Nanoscale Accelerometer Enables Ultra-Small Wearable Graphene Sensors
A team of scientists at Graphene Flagship partners have exploited the ultra-thin and highly conductive properties of graphene to develop an extremely small accelerometer with exceptional sensitivity.
A team of scientists at Graphene Flagship partners KTH Royal Institute of Technology, Sweden, RWTH Aachen University and AMO GmbH, Germany, have exploited the ultra-thin and highly conductive properties of graphene to develop an extremely small accelerometer with exceptional sensitivity.
Accelerometers are devices that enable smartphones and other mobile technology to sense their own orientation through axis-based motion sensing. They are commonly used in navigation systems, motion-sensitive video game controllers and smartphones, earthquake detectors and bionic limbs. Newer developments allow them to be applied in monitoring systems for cardiovascular diseases and ultra-sensitive wearable and portable motion-capture technologies.
Microelectromechanical systems (MEMS), which are made up of components between 1 and 100 micrometres in size, have been the basis for new innovations in these fields. The unique properties of graphene have enabled the Graphene Flagship to develop a new generation of ultra-small nanoelectromechanical systems, or NEMS, which can be used to develop new axis-based motion sensors on an extremely small scale.
Xuge Fan, researcher at Graphene Flagship partner KTH Royal Institute of Technology, says that he has applied this new technology to create the smallest ever reported. "Based on the surveys and comparisons we have made, we can say that this is the smallest electromechanical accelerometer in the world," he says.
The device consists of a silicon mass suspended in space by a graphene ribbon, through which electrical conductivity measurements are taken. When the device is rotated, it experiences acceleration around one or more of its axes, which causes the suspended silicon mass to stretch the ribbon – resulting in an instantaneous change in electrical conductivity passing through it.

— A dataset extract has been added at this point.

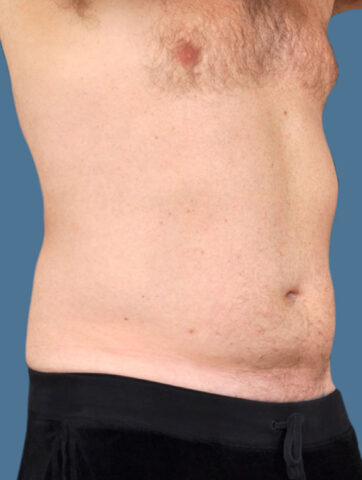 Case # 16 after photo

These changes in conductivity measurements are then used to determine rotational acceleration, and therefore changes in orientation, with an unprecedented level of sensitivity.
Peter Steeneken, the Graphene Flagship's Sensors Work Package Leader, is optimistic about this development. "Sensitive accelerometers require large masses and highly flexible springs, which usually leads to devices larger than 1 mm2. Graphene is an ideal material for this purpose: it is only one atom thick, and is therefore extremely flexible," he comments. "The authors have for the first time realized a graphene accelerometer, with the proof mass being more than 100,000 times heavier than the graphene springs by which it is suspended, while utilizing the excellent electrical properties of graphene for detection. Thus, they have realized a true breakthrough in size, with a graphene accelerometer in which the springs and mass have an area of less than 0.001 mm2"
The future for such small accelerometers is promising, continues Fan. "This could eventually benefit navigation apps and pedometers in mobile phones, as well as monitoring systems for heart disease and motion-capture wearables that can monitor even the slightest movements of the human body," he says. Other potential uses for these NEMS transducers include ultra-miniaturized NEMS sensors and actuators such as resonators, gyroscopes and microphones. In addition, NEMS transducers can also be used as a system to characterize the mechanical and electromechanical properties of graphene.
Max Lemme, lead author of the paper from Graphene Flagship partner RWTH Aachen University, is also excited about the results. "Our collaboration with KTH over the years has already shown the potential of graphene membranes for pressure and Hall sensors and microphones. Now, we have added accelerometers to the mix. This makes me hopeful to see the material on the market in a few years. For this, we are working on industry-compatible manufacturing and integration techniques."
Andrea C. Ferrari, Science and Technology Officer of the Graphene Flagship and Chair of its Management Panel, adds: "this work showcases yet another possible application of graphene, whereby the thinness, low weight, electrical conductivity and mechanical properties all converge to produce a prototype device with superior properties with potential applications in nanoelectromechanical systems"
Graphene ribbons with suspended masses as transducers in ultra-small nanoelectromechanical accelerometers, Nature Electronics, 2019, 2, 394-404. Xuge Fan, Fredrik Forsberg, Anderson D. Smith, Stephan Schröder, Stefan Wagner, Henrik Rödjegård, Andreas C. Fischer, Mikael Östling, Max C. Lemme, Frank Niklaus.